## Brief
Everything in the listing below has to be repeated exactly, except the pictures.

## Recorded data

▬▬▬

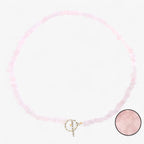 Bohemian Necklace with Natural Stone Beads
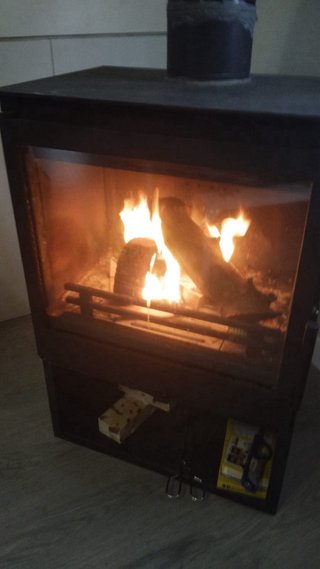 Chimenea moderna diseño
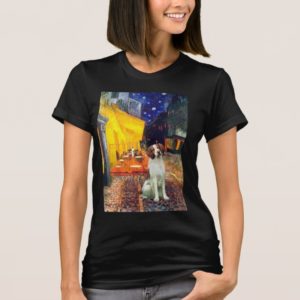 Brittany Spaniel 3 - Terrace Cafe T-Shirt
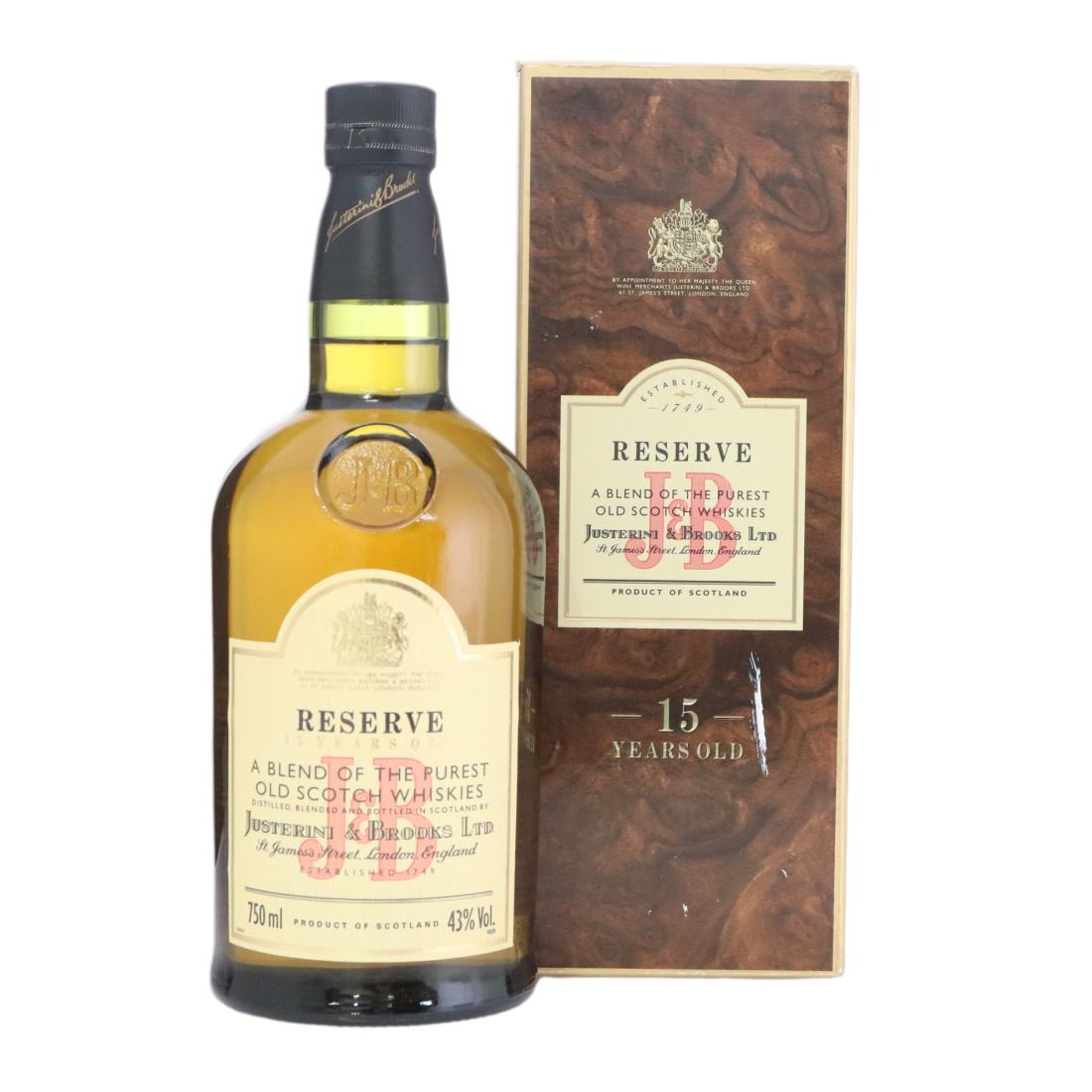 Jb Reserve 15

▬▬▬

## Answer section
 Bohemian Necklace with Natural Stone Beads
 Chimenea moderna diseño
 Brittany Spaniel 3 - Terrace Cafe T-Shirt
 Jb Reserve 15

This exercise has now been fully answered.